Your answer must be the lines from the start of the records through the line with "Aliens Red Beam", exactly as written, without the pictures.
++++++++
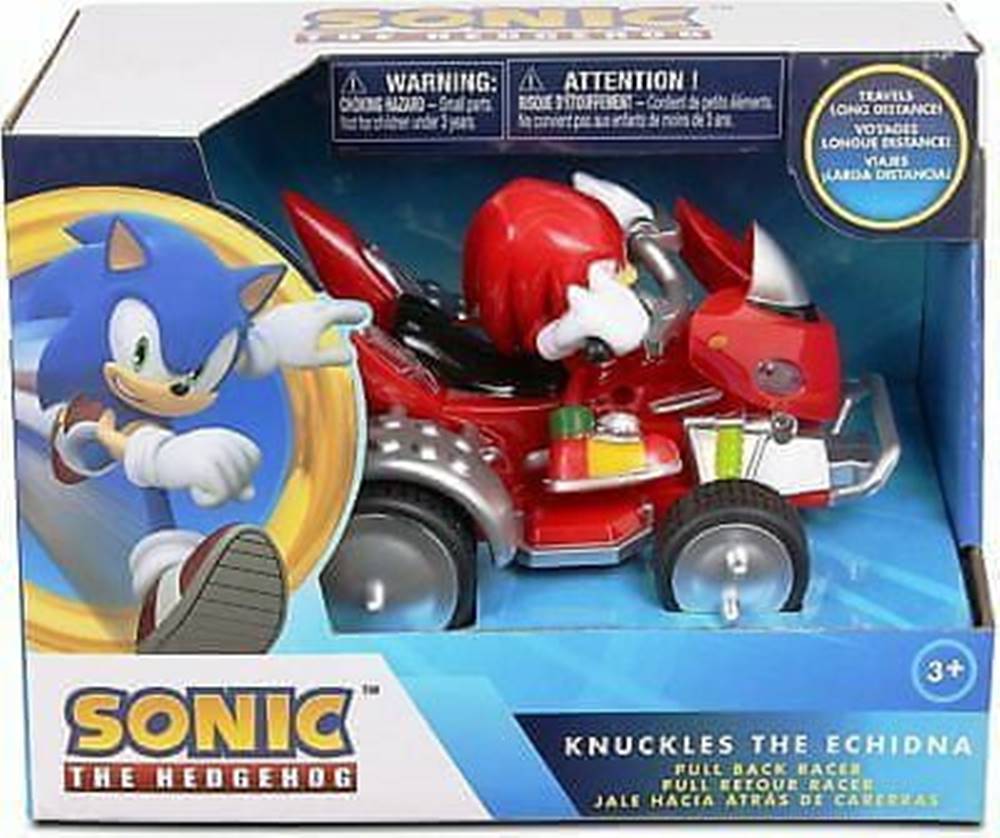 Sonic  Autíčko pull back červené značky Sonic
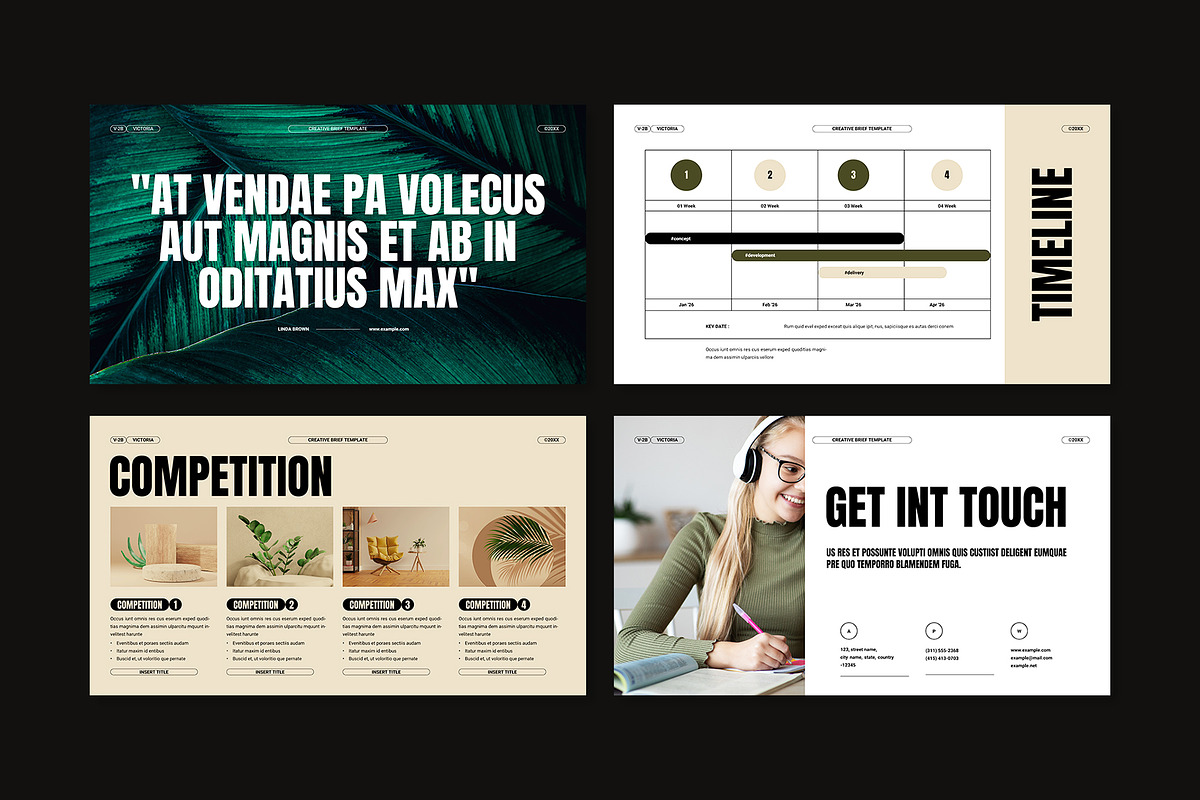 Creative Brief Presentation Template, a Presentation Template by E-Type (Photo 5 of 5)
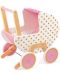 Drvena kolica za lutke Janod - Candy chic - 1t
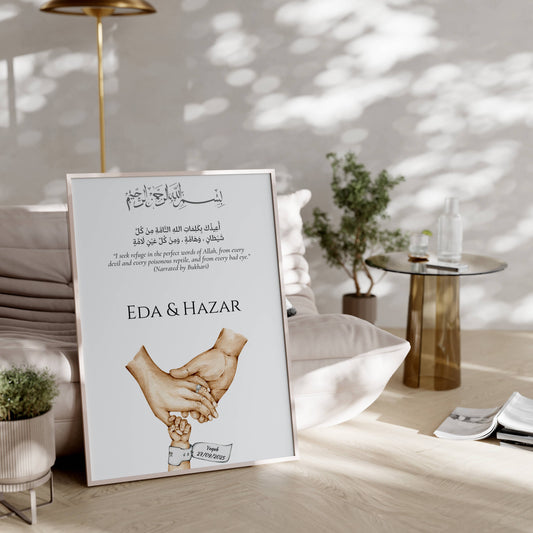 Personalisiertes Familienbild für Muslime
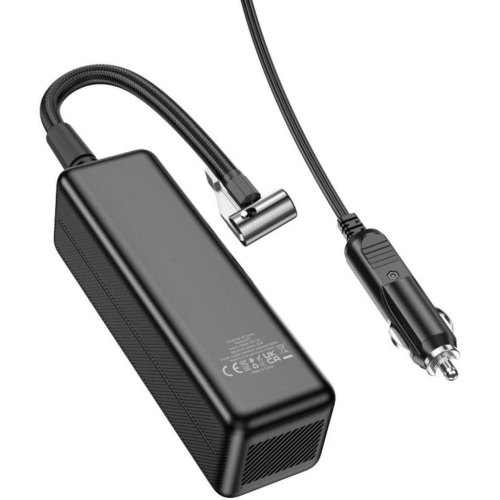 Автомобільний насос Hoco ZP5 May smart air pump, Black (6931474795526)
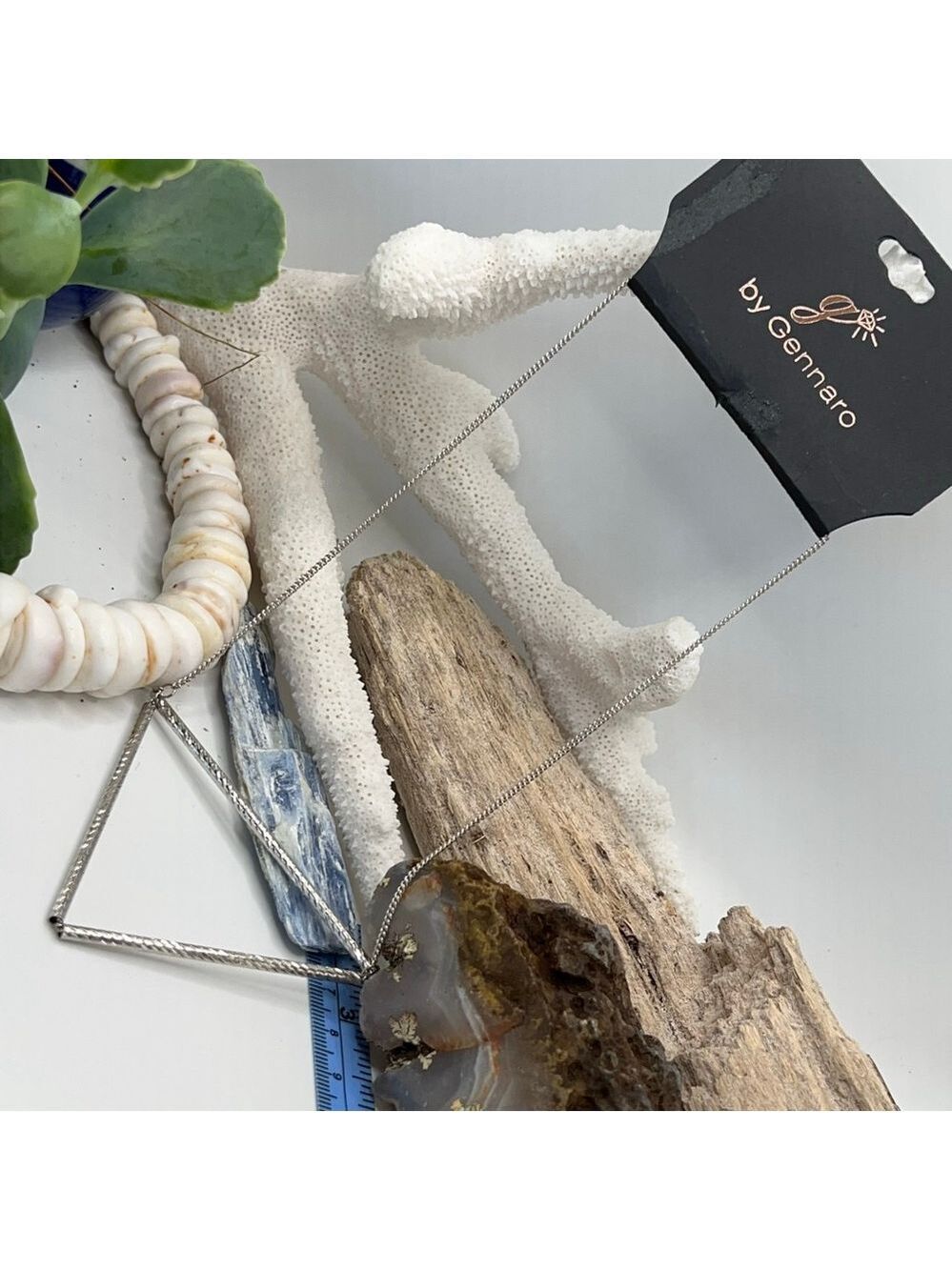 Silver Triangle Statement Necklace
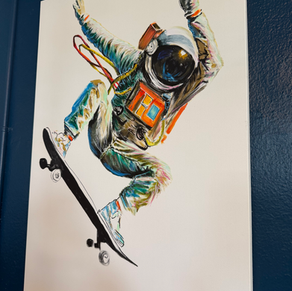 Meet The Artist Behind the Astronauts: Julie (aka J. Dav)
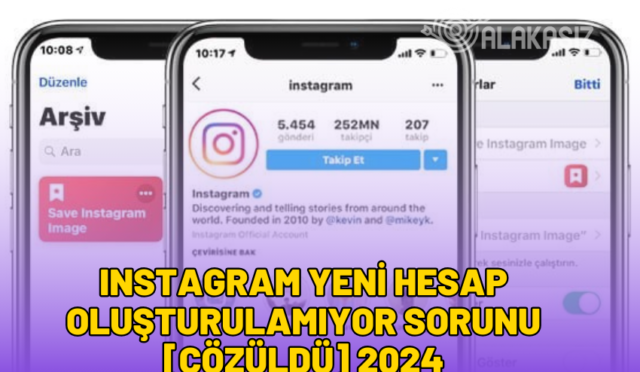 ınstagram yeni hesap oluşturulamıyor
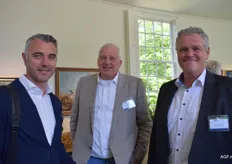 Lennart van den Heuvel (Olympic Fruit) met Ben de Groot en Andries van den Bogert (de Groot fresh group)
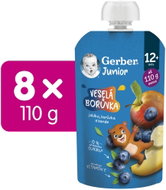 GERBER Junior capsule Happy Blueberry 8×110 g - Meal Pocket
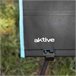 Aktive Mesa de acampamento dobrável com porta-copos Preto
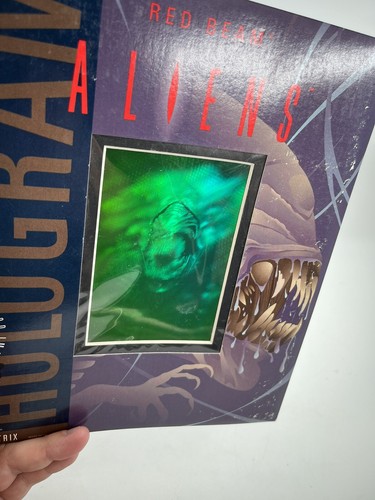 Aliens Red Beam Matted 3D Image Hologram 8X10 Sealed Ungeöffnet Vintage Rare! - Bild 8 von 8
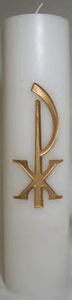 Dadant Brand: Christ Candle Gold Embossed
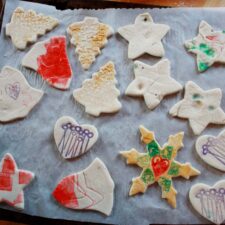 How to Make Stamped Salt Dough Ornaments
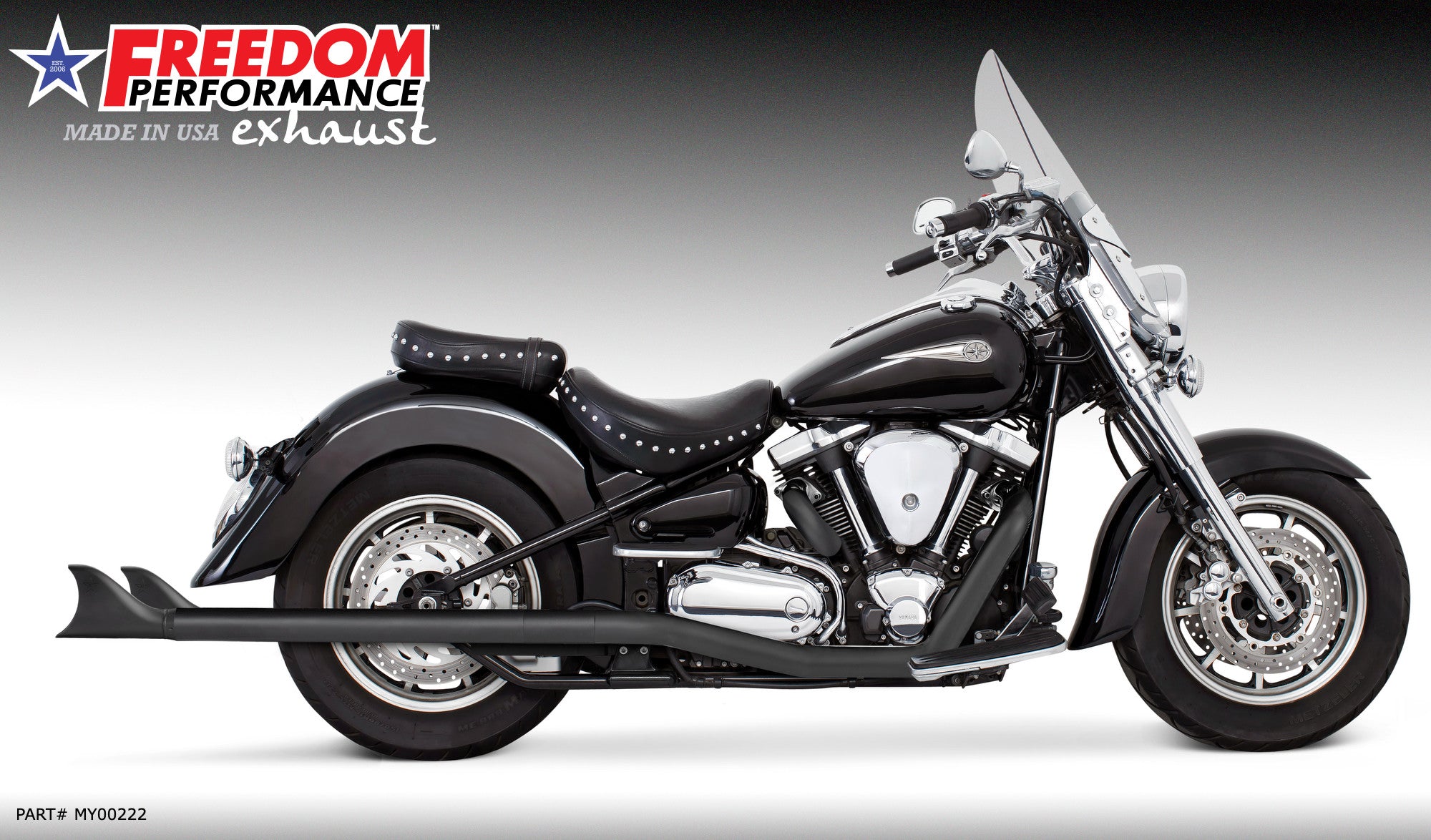 YAMAHA ROADSTAR SHARKTAIL COMPLETE TRUE-DUAL FULL SYSTEM - 1999 to 2014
++++++++
=== SOLVED PROBLEM ===
 Sonic  Autíčko pull back červené značky Sonic
 Creative Brief Presentation Template, a Presentation Template by E-Type (Photo 5 of 5)
 Drvena kolica za lutke Janod - Candy chic - 1t
 Personalisiertes Familienbild für Muslime
 Автомобільний насос Hoco ZP5 May smart air pump, Black (6931474795526)
 Silver Triangle Statement Necklace
 Meet The Artist Behind the Astronauts: Julie (aka J. Dav)
 ınstagram yeni hesap oluşturulamıyor
 Lennart van den Heuvel (Olympic Fruit) met Ben de Groot en Andries van den Bogert (de Groot fresh group)
 GERBER Junior capsule Happy Blueberry 8×110 g - Meal Pocket
 Aktive Mesa de acampamento dobrável com porta-copos Preto
 Aliens Red Beam Matted 3D Image Hologram 8X10 Sealed Ungeöffnet Vintage Rare! - Bild 8 von 8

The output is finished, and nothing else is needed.